The fact that there exists a program that returns the consistency of ZFC isn’t in question. The trick is proving that a particular program does so. Or if you like, proving that there exists a program along with a proof that it does so. What you’ve defined is an oracle: it depends on already knowing the answer to what you’re asking so it doesn’t have to compute it.
BB(754) is an uncomputable number. It's independent of ZFC, so an enumeration of all consequences of axioms of ZFC doesn't contain it. How is that supposed TM of yours is supposed to know whether it has run BB(754) steps or not?
Oh, but other slightly bigger TMs exist – lets say in class TM(860) for the sake of an example – that might halt with after a more steps than BB(754). This _sounds_ intuitive. But: how do you prove that? It might be that all TM(860)s either halt within BB(754) steps or then run forever. There indeed might be some that halt in finite steps after BB(754), but that is not guaranteed! You need to prove it. But with what?
Oops, never mind, there exists a simple construction that you can perform to each TM(754) that clearly extends BB(754) a finite amount. Maybe you are corrent that such Turing machine exists. But seems that identifying it isn't possible in ZCF.
I’m saying that all you’ve proven is that if you know a priori whether ZFC is consistent, you can construct a Turing machine that returns this value.
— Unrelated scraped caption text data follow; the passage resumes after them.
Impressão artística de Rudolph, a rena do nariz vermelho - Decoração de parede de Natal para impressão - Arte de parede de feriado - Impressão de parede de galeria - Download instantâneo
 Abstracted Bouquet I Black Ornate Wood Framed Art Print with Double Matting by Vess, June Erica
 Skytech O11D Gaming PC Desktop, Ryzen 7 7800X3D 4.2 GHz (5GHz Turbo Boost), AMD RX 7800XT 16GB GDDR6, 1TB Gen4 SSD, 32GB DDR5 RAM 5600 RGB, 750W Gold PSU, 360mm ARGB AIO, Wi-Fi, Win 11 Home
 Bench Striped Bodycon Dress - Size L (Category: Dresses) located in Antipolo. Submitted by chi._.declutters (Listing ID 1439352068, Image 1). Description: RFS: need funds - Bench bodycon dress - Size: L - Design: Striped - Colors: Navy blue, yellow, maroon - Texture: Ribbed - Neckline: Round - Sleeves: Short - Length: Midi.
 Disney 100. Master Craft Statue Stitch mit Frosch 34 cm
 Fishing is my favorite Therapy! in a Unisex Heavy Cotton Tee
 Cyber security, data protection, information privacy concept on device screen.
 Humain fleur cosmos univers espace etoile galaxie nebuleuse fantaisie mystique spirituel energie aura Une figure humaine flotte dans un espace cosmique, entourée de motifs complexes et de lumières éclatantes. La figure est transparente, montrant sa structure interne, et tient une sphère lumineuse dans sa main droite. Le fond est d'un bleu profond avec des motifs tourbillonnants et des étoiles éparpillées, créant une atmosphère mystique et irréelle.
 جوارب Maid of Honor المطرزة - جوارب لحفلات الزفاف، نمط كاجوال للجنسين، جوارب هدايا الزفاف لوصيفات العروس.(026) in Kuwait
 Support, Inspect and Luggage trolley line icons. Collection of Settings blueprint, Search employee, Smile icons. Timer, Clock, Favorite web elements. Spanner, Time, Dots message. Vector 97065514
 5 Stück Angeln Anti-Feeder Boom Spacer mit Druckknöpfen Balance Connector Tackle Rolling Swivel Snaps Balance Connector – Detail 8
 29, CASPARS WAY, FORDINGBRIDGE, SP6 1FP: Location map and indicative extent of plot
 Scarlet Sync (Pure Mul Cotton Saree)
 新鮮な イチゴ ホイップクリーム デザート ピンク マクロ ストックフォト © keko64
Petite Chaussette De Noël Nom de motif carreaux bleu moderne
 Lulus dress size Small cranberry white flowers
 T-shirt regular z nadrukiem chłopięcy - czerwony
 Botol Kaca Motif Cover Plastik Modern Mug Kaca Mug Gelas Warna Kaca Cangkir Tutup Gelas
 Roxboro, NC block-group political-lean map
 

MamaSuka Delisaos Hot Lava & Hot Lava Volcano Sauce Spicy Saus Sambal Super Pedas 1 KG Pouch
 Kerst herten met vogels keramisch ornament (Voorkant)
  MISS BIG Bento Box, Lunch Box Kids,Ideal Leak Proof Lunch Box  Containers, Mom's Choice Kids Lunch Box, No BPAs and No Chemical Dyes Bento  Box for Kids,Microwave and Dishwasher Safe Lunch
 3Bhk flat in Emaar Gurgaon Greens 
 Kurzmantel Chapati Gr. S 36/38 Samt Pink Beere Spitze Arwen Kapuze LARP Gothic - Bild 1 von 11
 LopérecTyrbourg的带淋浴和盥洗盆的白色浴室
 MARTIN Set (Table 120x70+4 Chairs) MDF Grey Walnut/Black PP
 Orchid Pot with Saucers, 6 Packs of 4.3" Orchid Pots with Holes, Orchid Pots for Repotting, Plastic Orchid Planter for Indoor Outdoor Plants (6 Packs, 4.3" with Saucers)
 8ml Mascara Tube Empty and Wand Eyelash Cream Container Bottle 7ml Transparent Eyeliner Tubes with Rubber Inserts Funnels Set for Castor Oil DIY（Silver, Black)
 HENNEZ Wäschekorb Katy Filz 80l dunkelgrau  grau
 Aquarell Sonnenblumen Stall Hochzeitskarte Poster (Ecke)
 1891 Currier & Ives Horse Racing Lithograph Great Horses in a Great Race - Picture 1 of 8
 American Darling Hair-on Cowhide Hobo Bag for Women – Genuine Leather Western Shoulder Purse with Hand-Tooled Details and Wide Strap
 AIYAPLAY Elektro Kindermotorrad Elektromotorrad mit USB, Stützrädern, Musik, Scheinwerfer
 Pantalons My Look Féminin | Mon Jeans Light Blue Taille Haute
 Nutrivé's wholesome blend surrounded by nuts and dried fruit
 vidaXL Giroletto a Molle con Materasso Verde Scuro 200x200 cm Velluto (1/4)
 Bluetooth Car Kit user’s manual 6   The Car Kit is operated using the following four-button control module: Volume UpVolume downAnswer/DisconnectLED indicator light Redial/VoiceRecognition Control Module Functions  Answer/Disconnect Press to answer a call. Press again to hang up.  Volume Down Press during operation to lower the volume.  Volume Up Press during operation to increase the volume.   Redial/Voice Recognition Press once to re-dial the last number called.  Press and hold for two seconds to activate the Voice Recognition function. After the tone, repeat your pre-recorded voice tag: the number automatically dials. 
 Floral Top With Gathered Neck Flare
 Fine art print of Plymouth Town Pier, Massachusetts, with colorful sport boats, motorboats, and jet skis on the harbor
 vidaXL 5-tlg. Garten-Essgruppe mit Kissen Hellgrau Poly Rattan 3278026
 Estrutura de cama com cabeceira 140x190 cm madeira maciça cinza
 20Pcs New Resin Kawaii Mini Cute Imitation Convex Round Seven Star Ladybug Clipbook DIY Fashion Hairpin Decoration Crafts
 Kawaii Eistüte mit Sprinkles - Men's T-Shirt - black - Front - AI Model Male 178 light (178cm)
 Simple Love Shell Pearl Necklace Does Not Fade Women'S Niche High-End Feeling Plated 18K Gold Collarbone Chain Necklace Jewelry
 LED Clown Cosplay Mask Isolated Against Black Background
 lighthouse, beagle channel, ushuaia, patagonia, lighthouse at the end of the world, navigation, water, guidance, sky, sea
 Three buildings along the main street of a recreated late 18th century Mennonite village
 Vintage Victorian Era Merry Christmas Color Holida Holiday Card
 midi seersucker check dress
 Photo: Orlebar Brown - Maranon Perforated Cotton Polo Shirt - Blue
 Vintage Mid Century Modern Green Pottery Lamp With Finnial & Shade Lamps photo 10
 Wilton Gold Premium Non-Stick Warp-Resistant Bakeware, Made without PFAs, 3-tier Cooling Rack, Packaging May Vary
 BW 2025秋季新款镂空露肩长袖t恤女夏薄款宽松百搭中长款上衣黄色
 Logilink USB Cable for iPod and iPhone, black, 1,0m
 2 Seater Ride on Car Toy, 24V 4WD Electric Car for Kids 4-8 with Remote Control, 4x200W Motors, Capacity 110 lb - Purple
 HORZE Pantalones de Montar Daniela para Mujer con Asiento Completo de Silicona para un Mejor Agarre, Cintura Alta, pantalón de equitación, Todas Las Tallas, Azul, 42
If you consider that to be window dressing I don’t know what else I can tell you.
Call the machine that halts iff ZFC is inconsistent A. Now consider the machine which computes the following algorithm:
Run A BB(754) times. If A halts, then run forever, else halt.
If A halts then our machine runs forever, and vice versa. Thus, our machine halts when ZFC is consistent and our machine runs forever when A halts, so ZFC is consistent iff our machine halts.
“Halts” doesn’t seem like a real word after writing that.